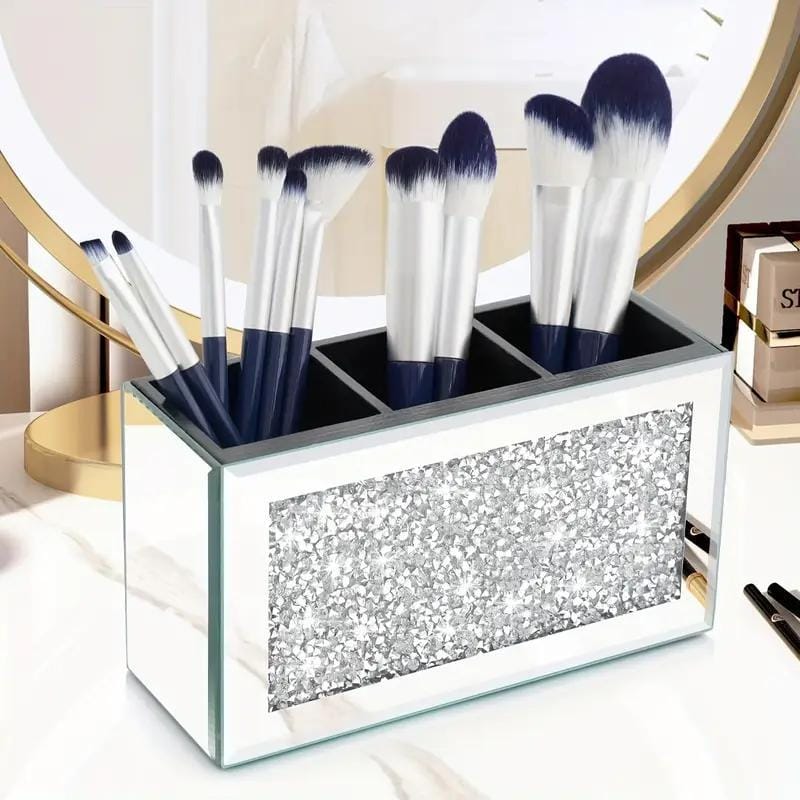 jkthpu-45 Serenas Mirrored Crushed Diamond Makeup Brush Holder Organizer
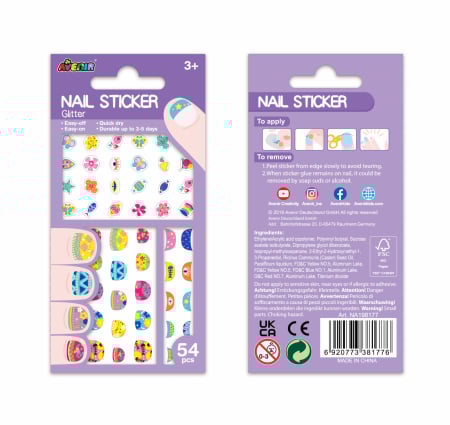 Stickere pentru unghii cu sclipici - Flori [3]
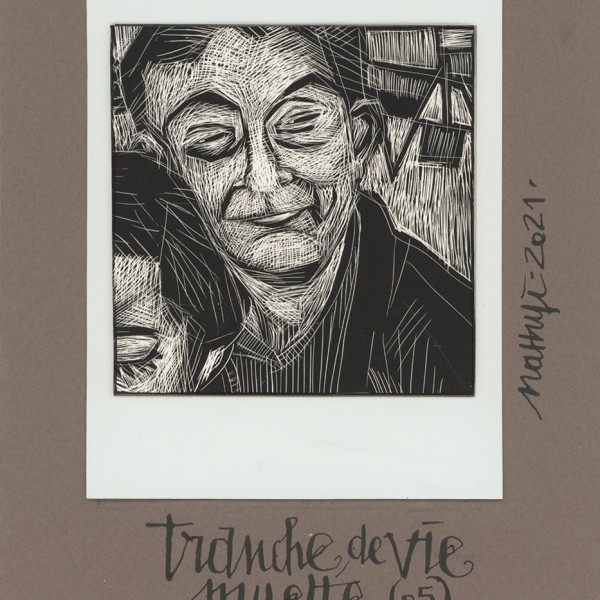 Série TRANCHE DE VIE MUETTE - n°05 > Carte à gratter de nathyi. Format polaroïd sur une planche, titre calligraphié à la plume et encre de chine. “Appui amical”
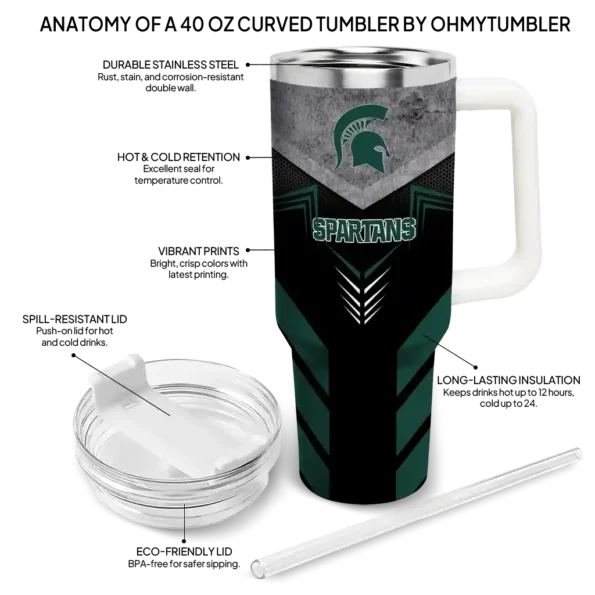 custom michigan state spartans arrow armor green black curved tumbler new arrival.webp
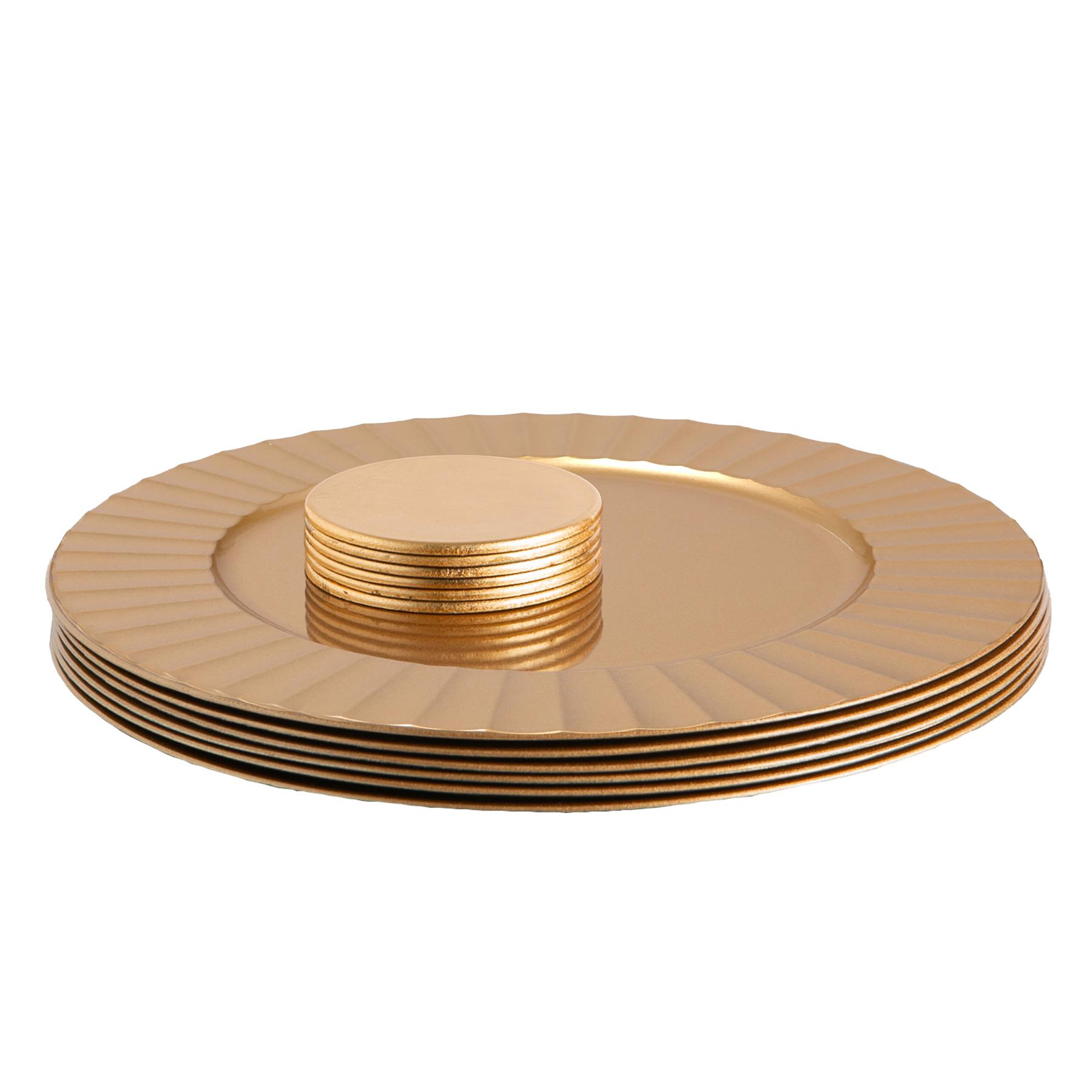 Juego de 12 placas de cargador redondas con posavasos 33 cm diseño flauta boda fiesta plato - Imagen 4 de 11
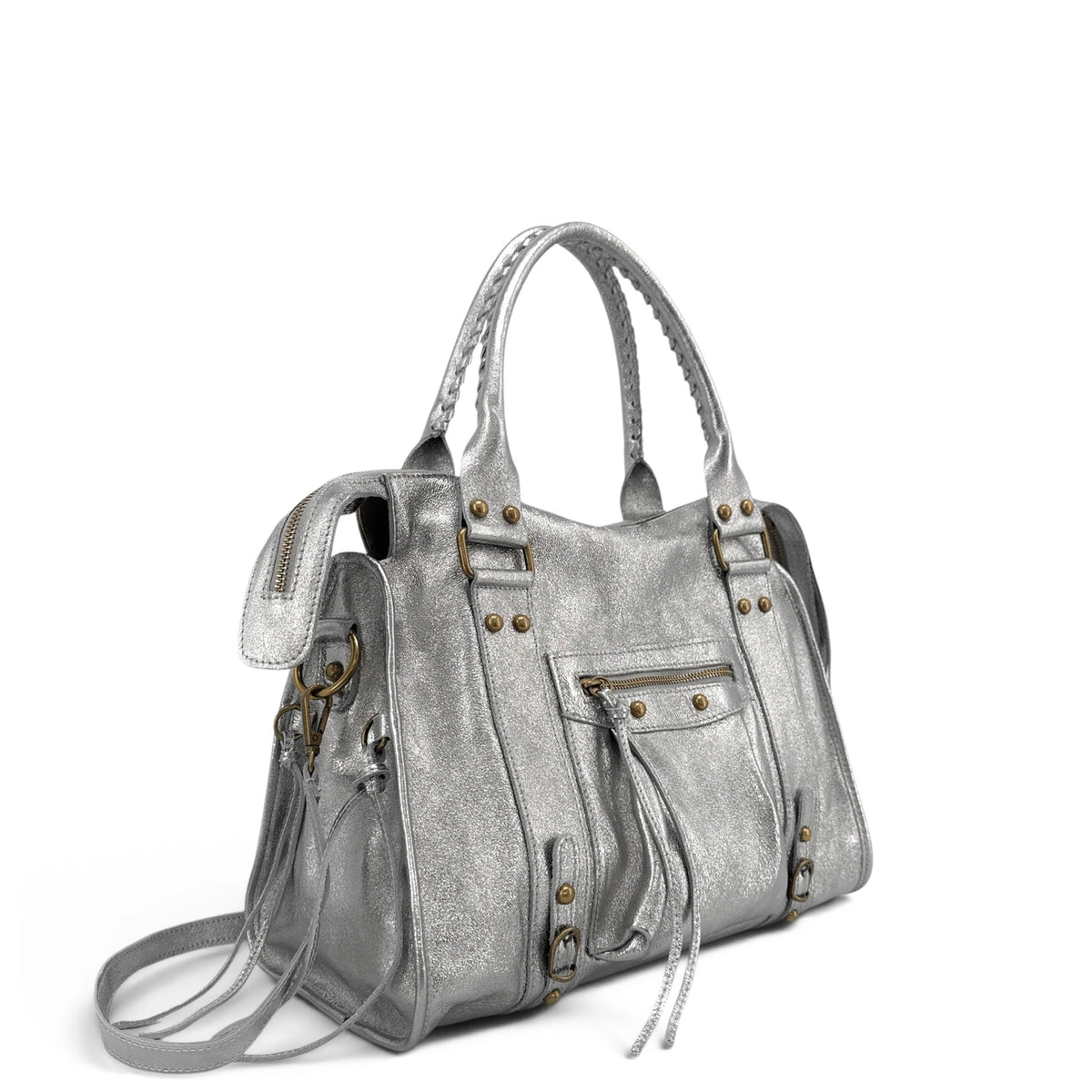 Borsa a mano in pelle iridescente SANDSTORM Argento medio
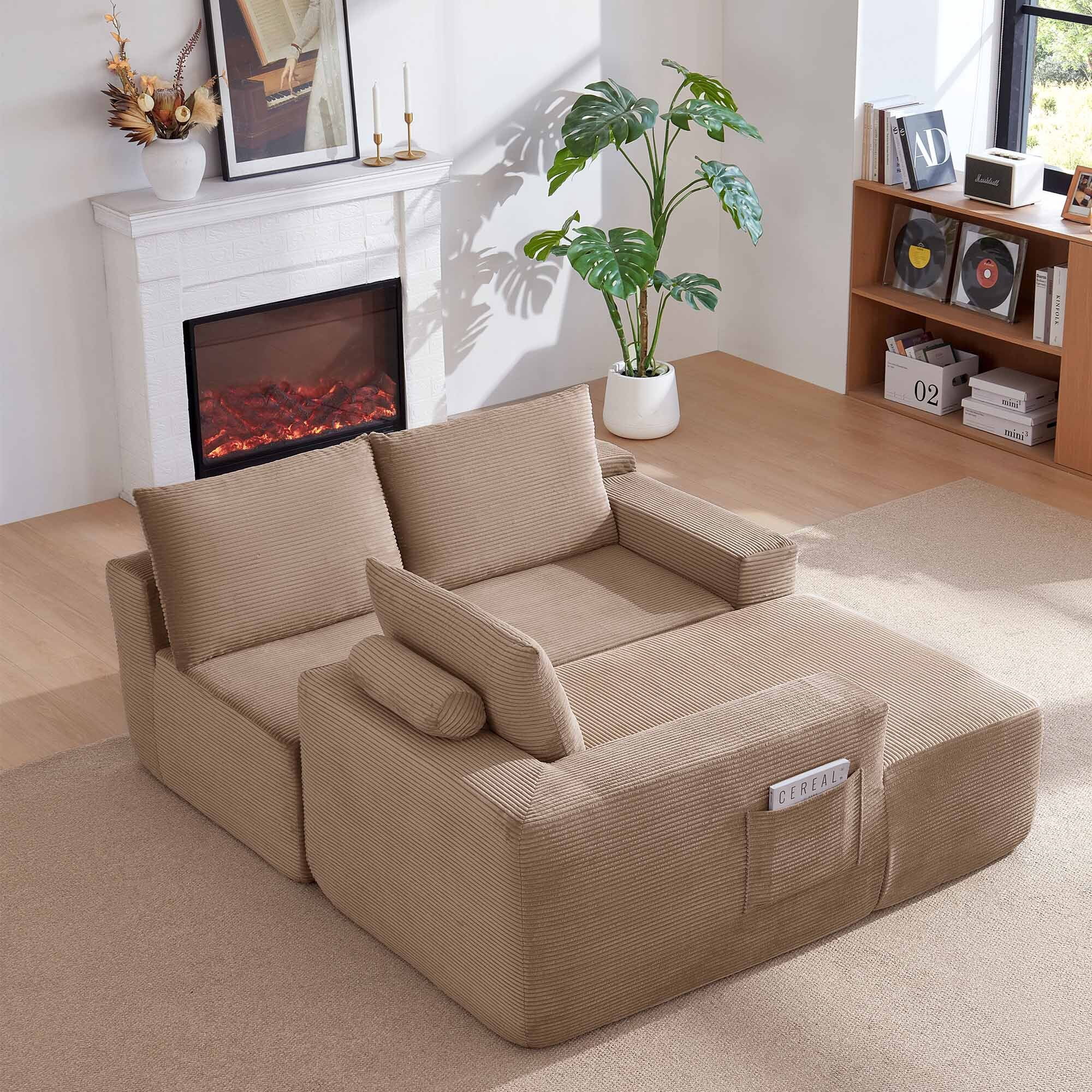 Lunale L-Shaped Modular Sectional Sofa with Movable Chaise, 3-Seater Boneless Cloud Couch for Living Room, Camel(Left Facing Chaise)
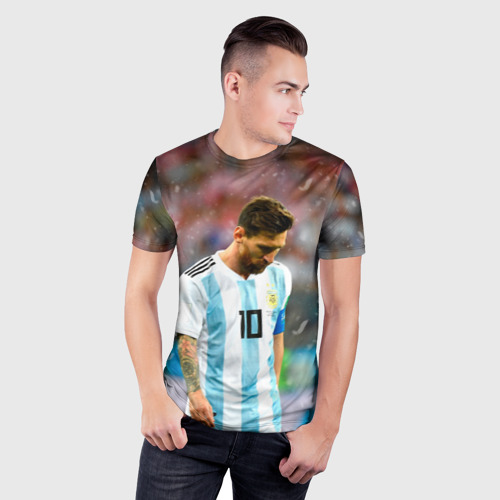 Мужская футболка 3D Slim Месси Аргентина, цвет 3D печать - фото 3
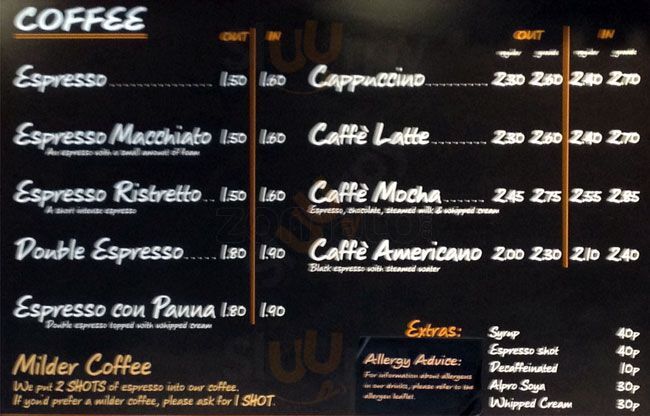 Caffe Nero Manchester Menu - 1
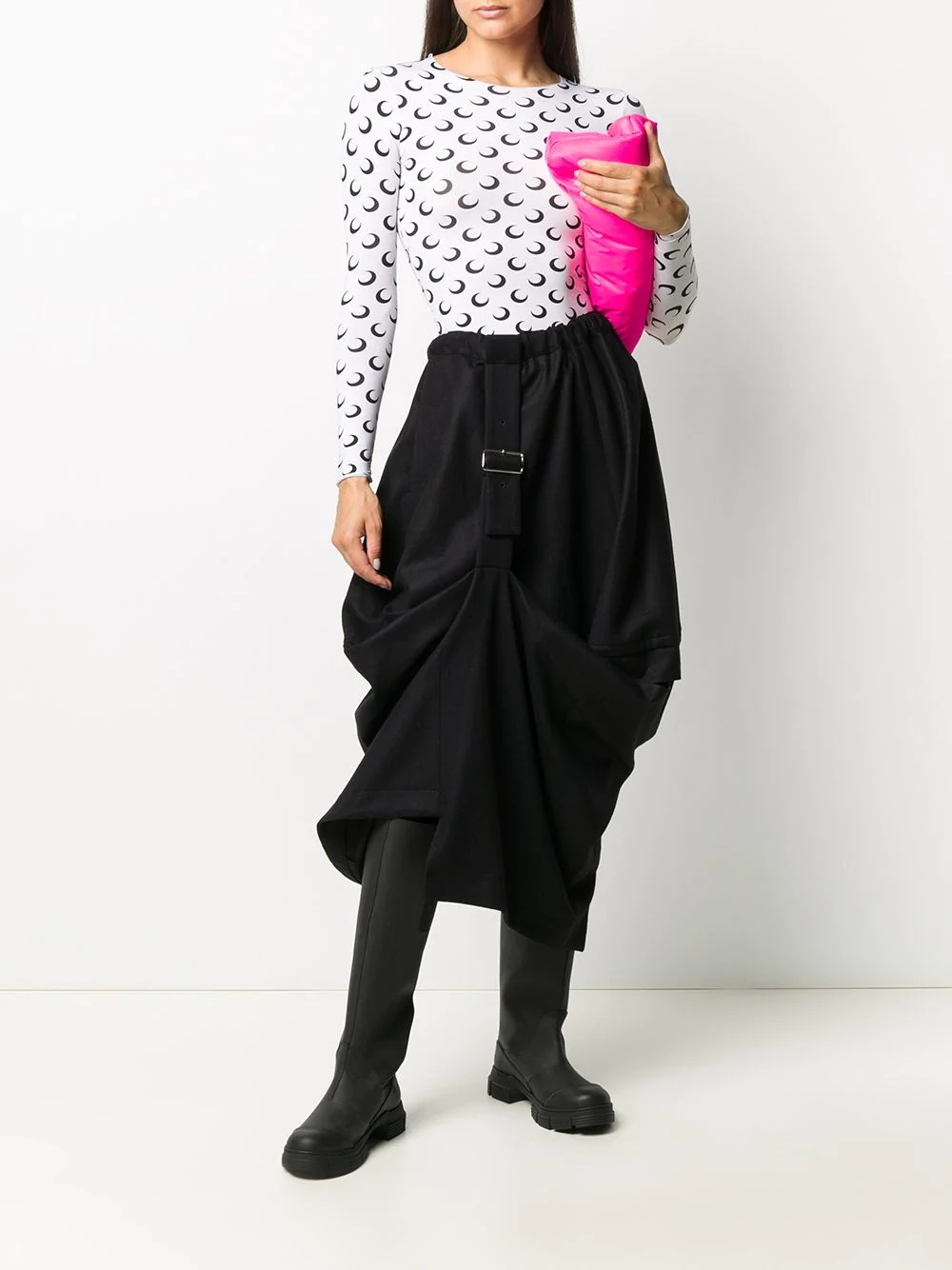 asymmetric buckled midi skirt - 2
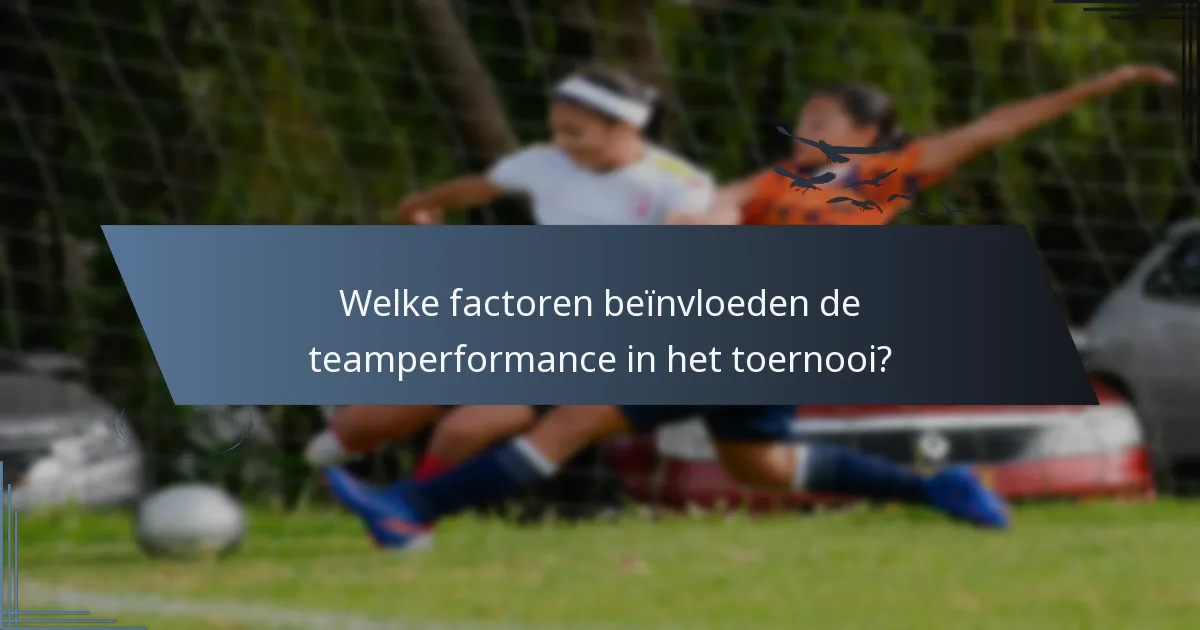 Welke factoren beïnvloeden de teamperformance in het toernooi?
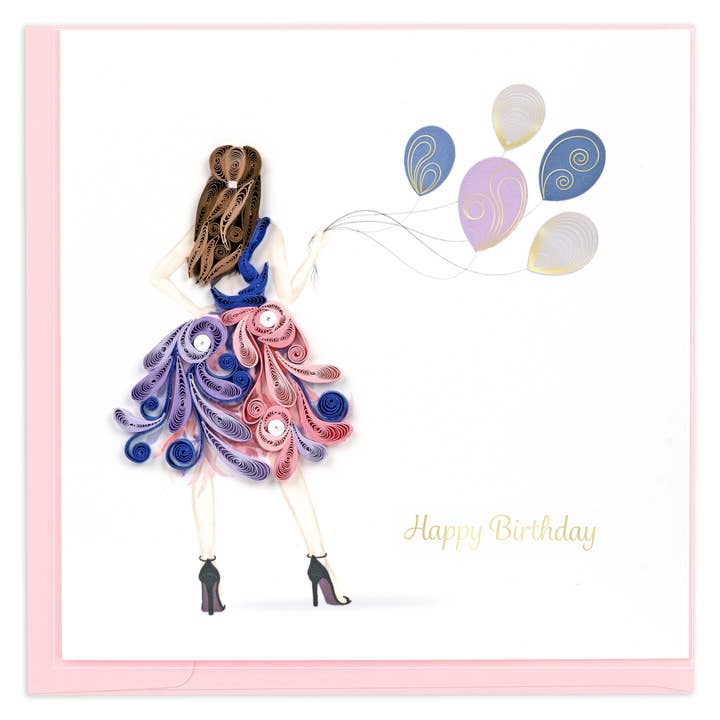 Quilling Card - Wholesale Birthday Card - Quilled Fashion Birthday Girl Greeting Card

• [Task brief]:
Copy exactly the lines from the first line of the records above through the line with "Stickere pentru unghii", both included, and nothing else. Pictures stay out.

• [Answer section]:
 jkthpu-45 Serenas Mirrored Crushed Diamond Makeup Brush Holder Organizer
 Stickere pentru unghii cu sclipici - Flori [3]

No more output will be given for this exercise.